### What is required
From the first line of the data down to the line bearing "Agentes policiales detuvieron", output every line exactly and include no pictures.

====== Records for the exercise ======

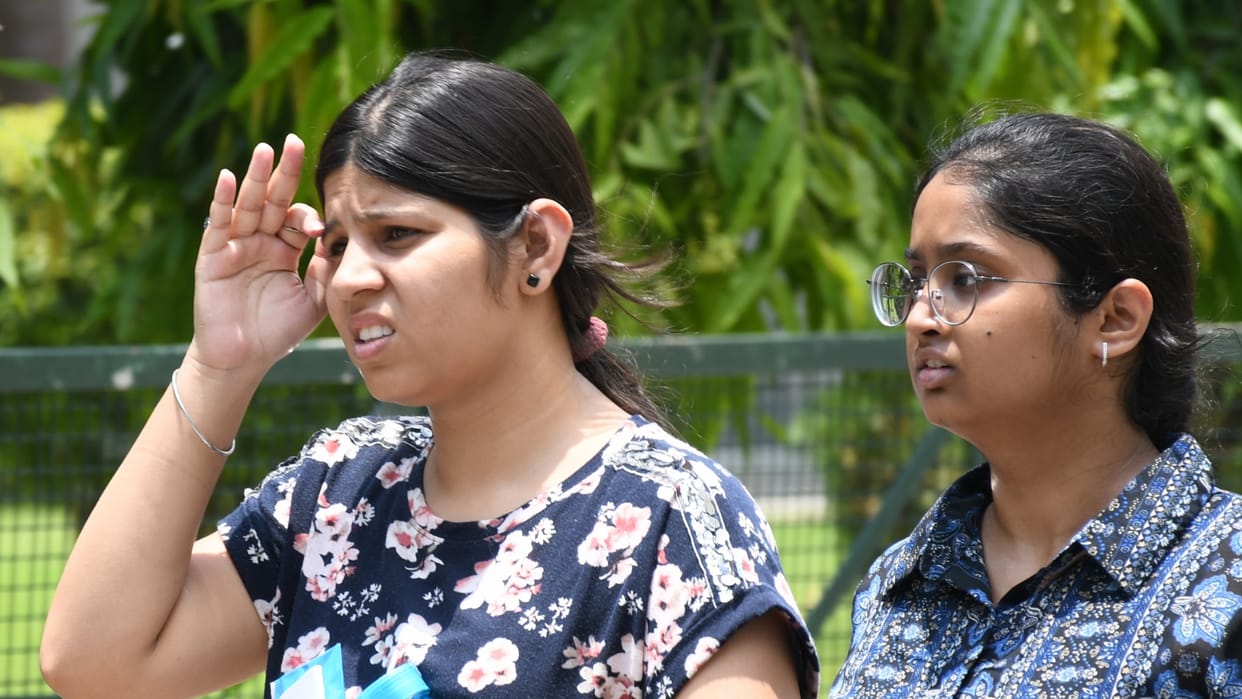 Meteorological Department has forecast that there may be light rain in Delhi on Sunday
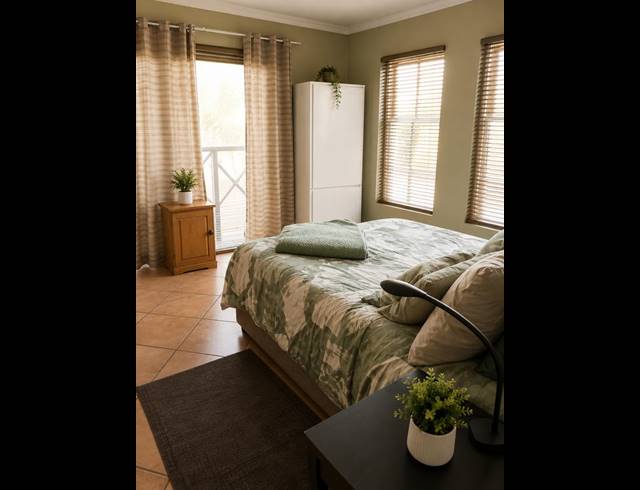 4 BEDROOM HOUSE FOR SALE IN OLIEVENHOUTBOSCH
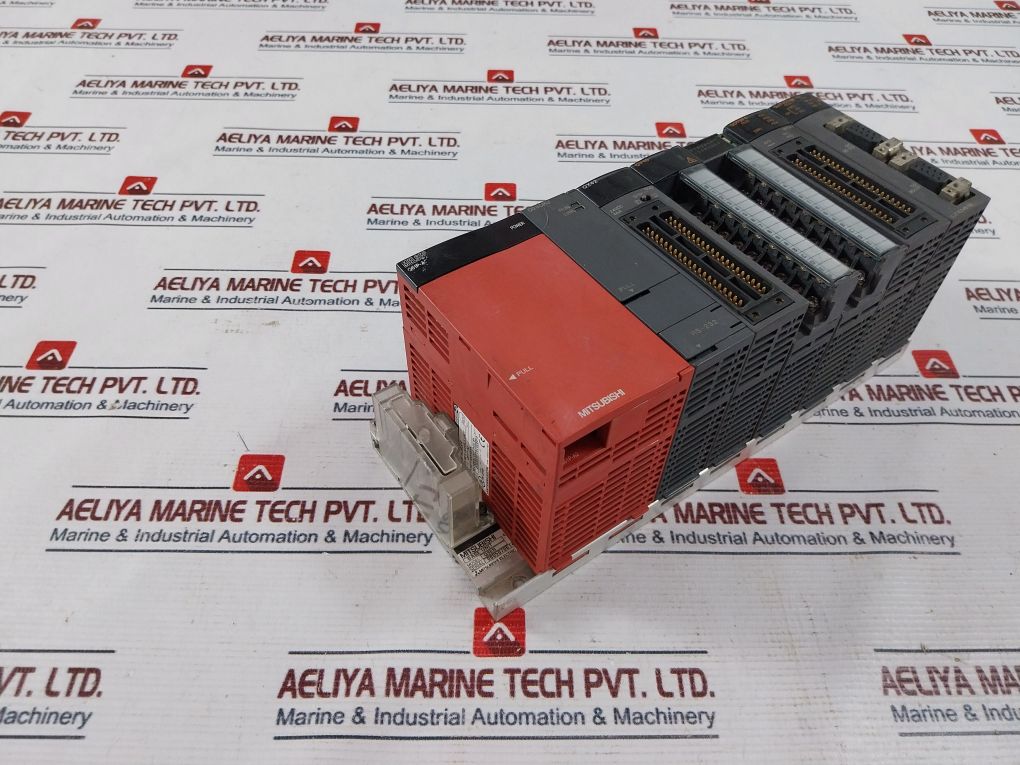 Mitsubishi Q61p-a2 / Q0 0cpu / Qx42 / Qy10 / Qd75p4 / Qj71c24n-r2 Power Supply Unit - Image 3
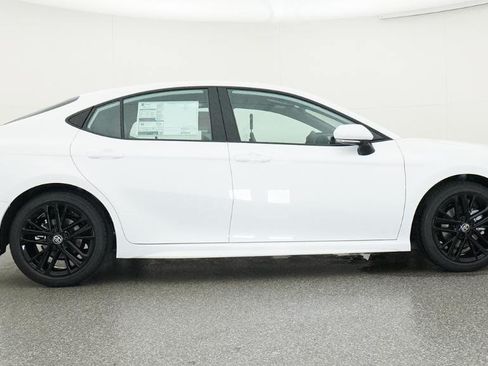 Used 2026 Toyota Camry SE FWD image 41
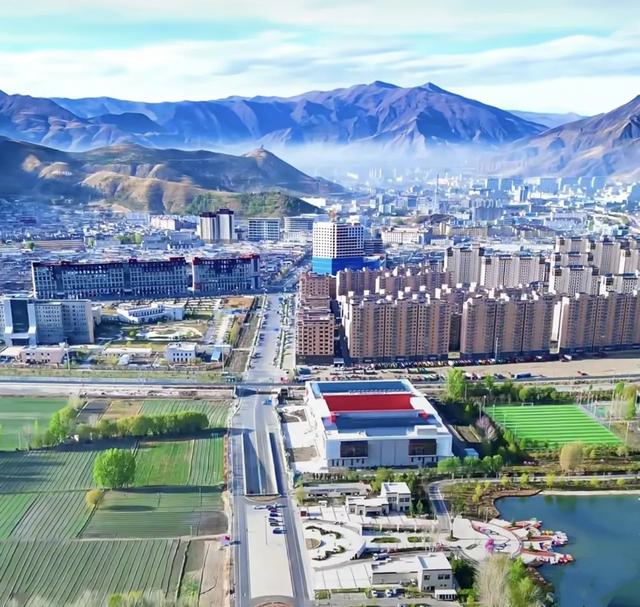 西藏6个地级市,那曲海拔高,林芝和昌都像南方,拉萨第一大城市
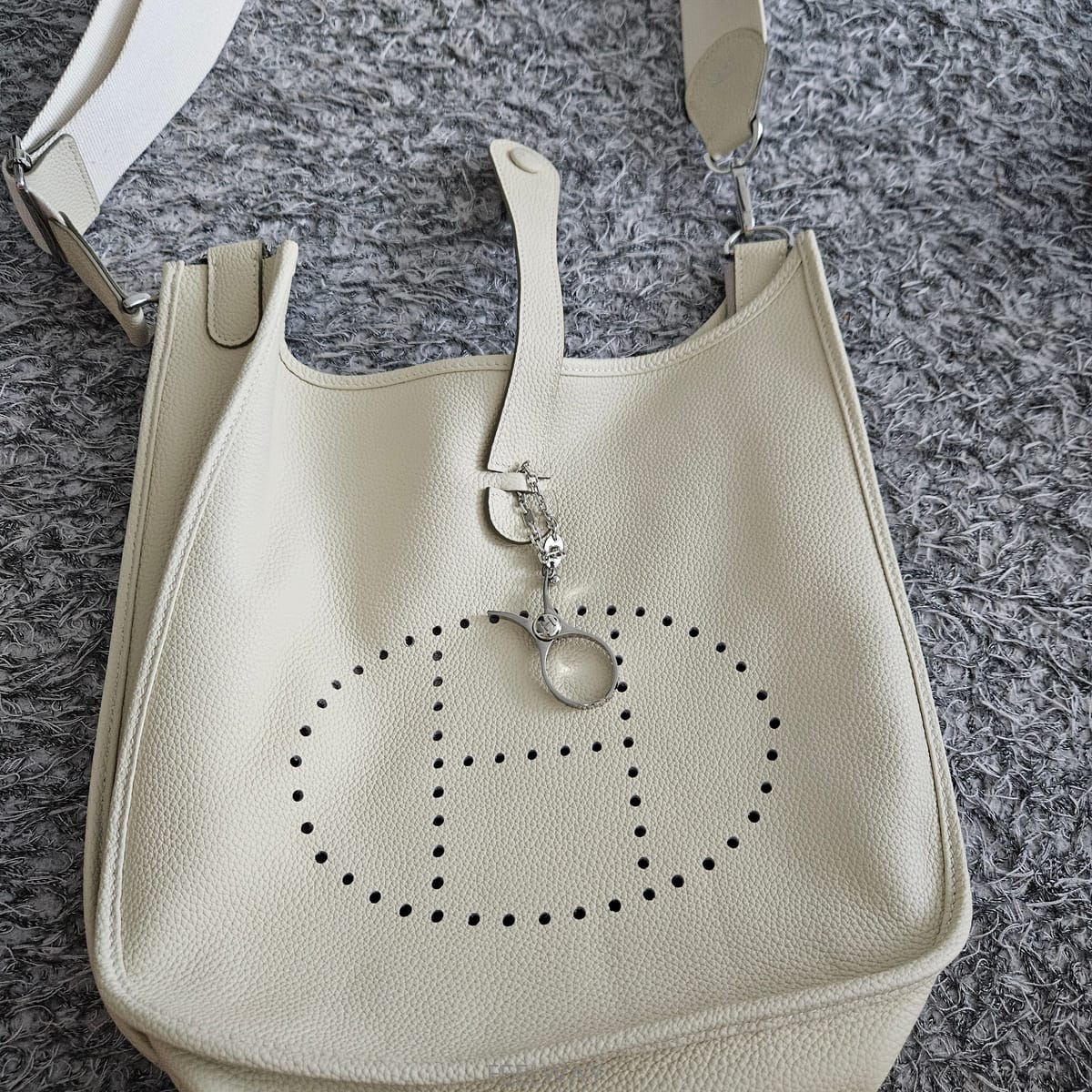 ��ǰ����, ��ǰ��ǰ | �����޽�|HERMES, �����޽� ���� ���ǵ帳�ϴ� 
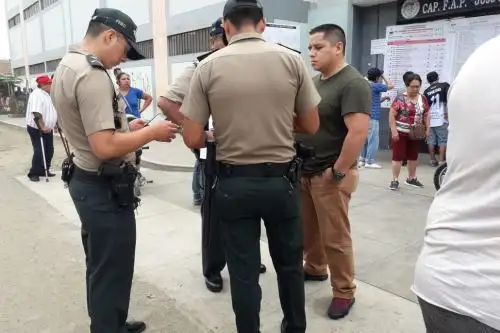 Agentes policiales detuvieron a requistoriado por violación sexual cuando iba a votar en colegio ubicado en distrito de El Porvenir, en Trujillo.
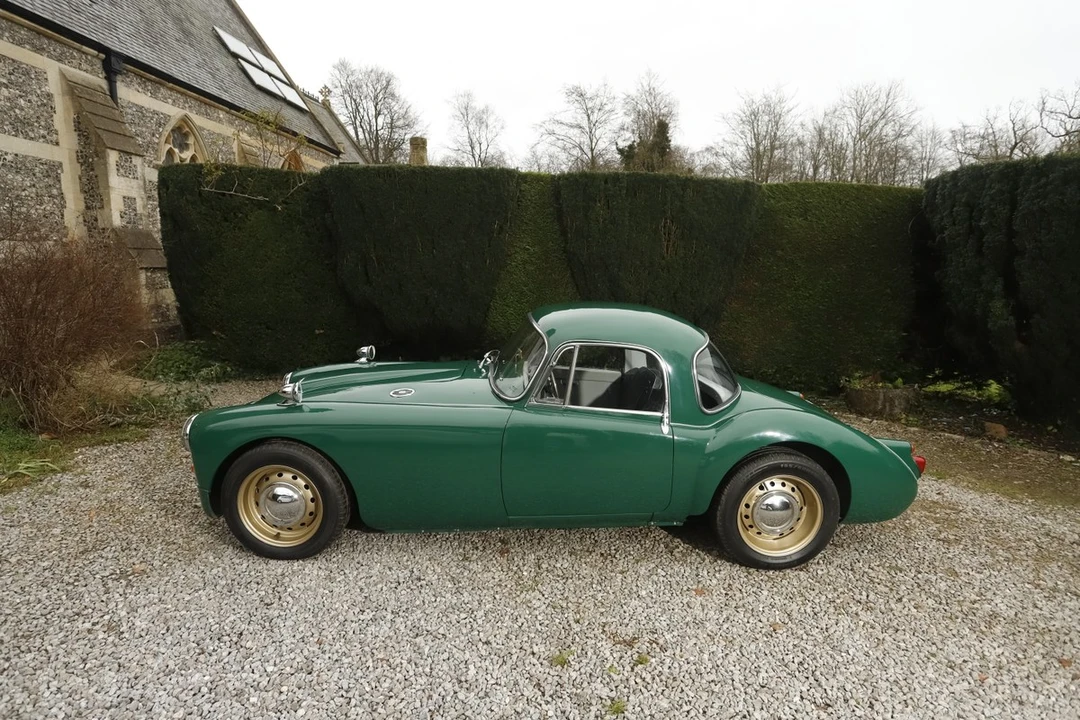 1957 MG MGA 1500 - Image 11 of 30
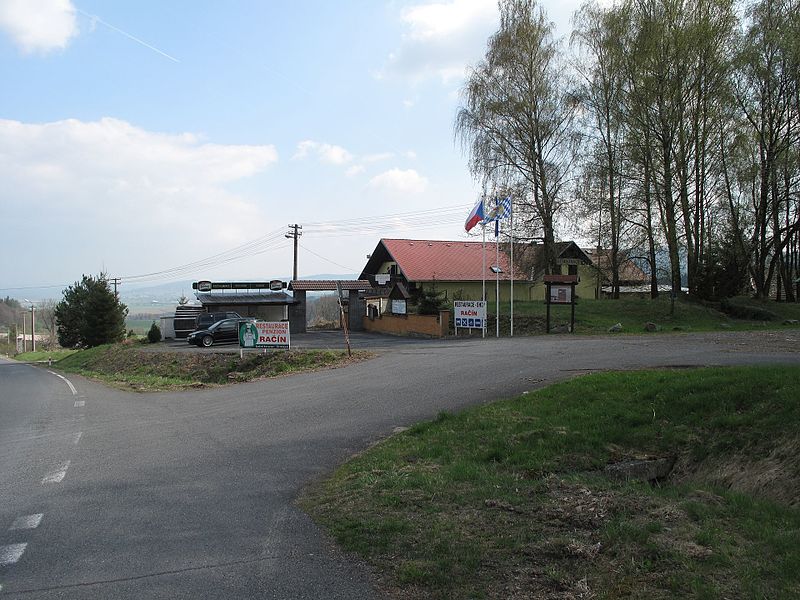 File:Svatá Kateřina (Chudenín), restaurace Račín.jpg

======

### Written answer
 Meteorological Department has forecast that there may be light rain in Delhi on Sunday
 4 BEDROOM HOUSE FOR SALE IN OLIEVENHOUTBOSCH
 Mitsubishi Q61p-a2 / Q0 0cpu / Qx42 / Qy10 / Qd75p4 / Qj71c24n-r2 Power Supply Unit - Image 3
 Used 2026 Toyota Camry SE FWD image 41
 西藏6个地级市,那曲海拔高,林芝和昌都像南方,拉萨第一大城市
 ��ǰ����, ��ǰ��ǰ | �����޽�|HERMES, �����޽� ���� ���ǵ帳�ϴ� 
 Agentes policiales detuvieron a requistoriado por violación sexual cuando iba a votar en colegio ubicado en distrito de El Porvenir, en Trujillo.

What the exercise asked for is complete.